Похожим образом обстояло дело и в случае с Нижний Новгородом. Отказ от названия "Горький" содержал в себе несколько смыслов, включая дистанцирование от коммунистического прошлого, возвращение известного географического бренда Нижнего как перекрестка коммерческих и культурных контактов (образ Нижегородской ярмарки), а также возвращение Нижнему политической роли полюса общероссийской стабильности (образ нижегородского ополчения во главе с К.Мининым).

 

* * *

И все же на региональном уровне мы имеем гораздо более широкий спектр попыток выстроить региональную идентичность в категориях, отличных от исторических. Это приводит к нескольким модельным ситуациям.

Первая основана на технократических образах будущего - в этом плане не случайно, например, появление таких метафор, как "регионы как супермаркеты развития" (6). Калининград - один из лидеров среди регионов по экспериментам с технологическими образами: "лаборатория", "остров инноваций", "пятизвездочный отель", "обучающийся регион". Есть и другие примеры: Псков экспериментирует с метафорой "порог Европы", которая при этом, правда, смотрится достаточно противоречиво: порог - это не только символ отграничения, но и нечто, за что можно просто-напросто запнуться.

Вторая ситуация основана на семантике заимствованных образов: Питер как "Северная Венеция" или "Северный Амстердам", Нижний Новгород как "российский Детройт". Один из вариантов создания имиджа Калининградской области предполагал ссылки на такие внешние прообразы, как Давос, Лугано, Геттинген, Познань, Гонконг и пр.
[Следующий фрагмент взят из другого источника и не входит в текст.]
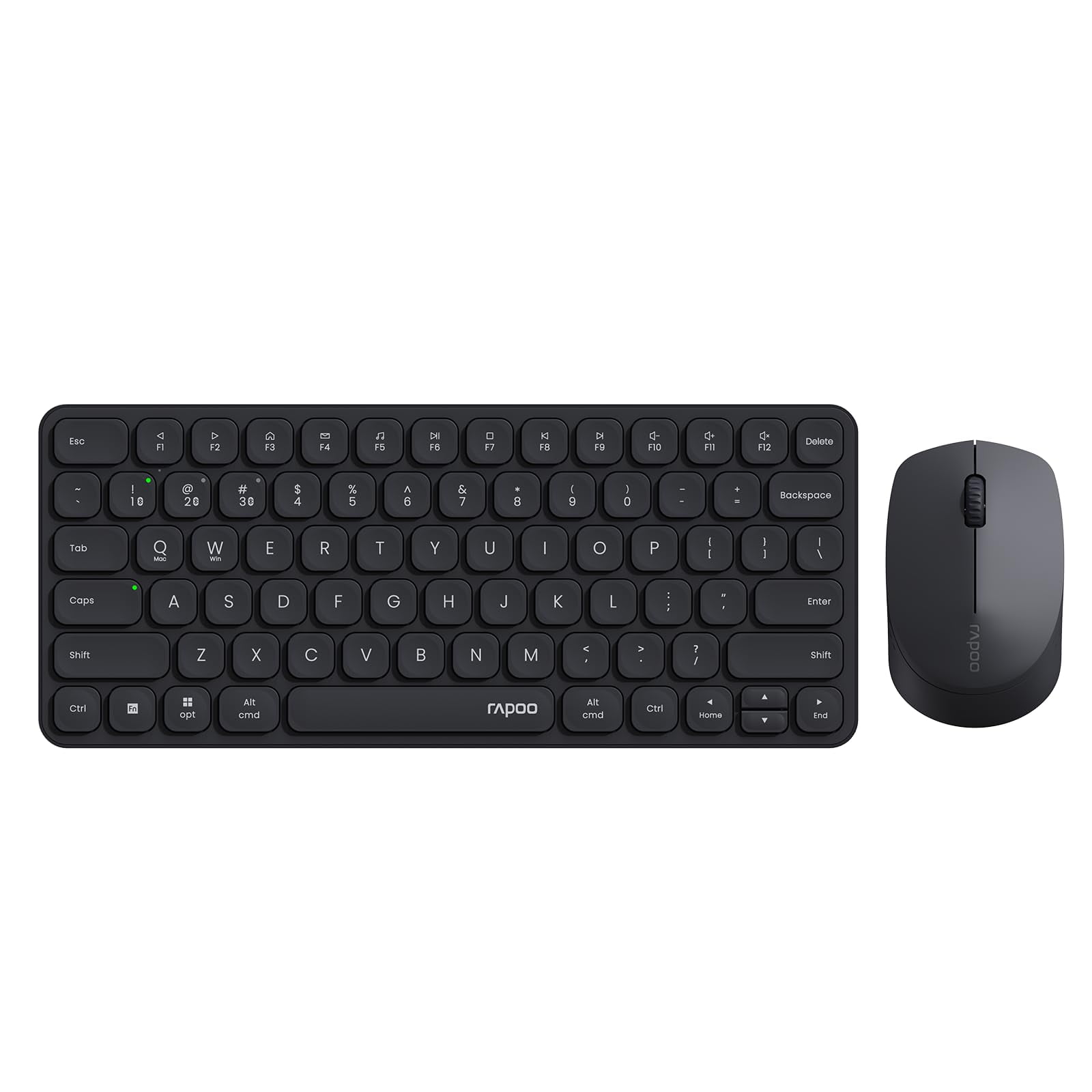 Combo De Teclado Y Ratón Rapoo 9010m Wireless Bluetooth 5.0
В такой образности явно сквозит некая вторичность, имитационность, неаутентичность, и именно поэтому выглядят они изначально спорно.

Третья ситуация касается языковых игр вокруг образа "столичности". Санкт-Петербург привычно именуется "культурной столицей России", "второй столицей", иногда - "столицей российской провинции", Нижний Новгород - "столицей Поволжья" и т.д. Во всех этих случаях мы имеем дело с поиском неполитических основ для консолидации различных кругов, связанных с властью. Продолжением "столичного дискурса" стали дискуссии о "третьей столице" России. Понятно, что статус Санкт-Петербурга как "второй столицы" поколебать никому не удастся, а вот место "третьей столицы" традиционно принято считать свободным, ибо никаких общепризнанных критериев занятия этой вакансии нет. Именно в силу метафоричности самого понятия "третья столица" за него с переменным успехом идет борьба без каких-либо четких правил.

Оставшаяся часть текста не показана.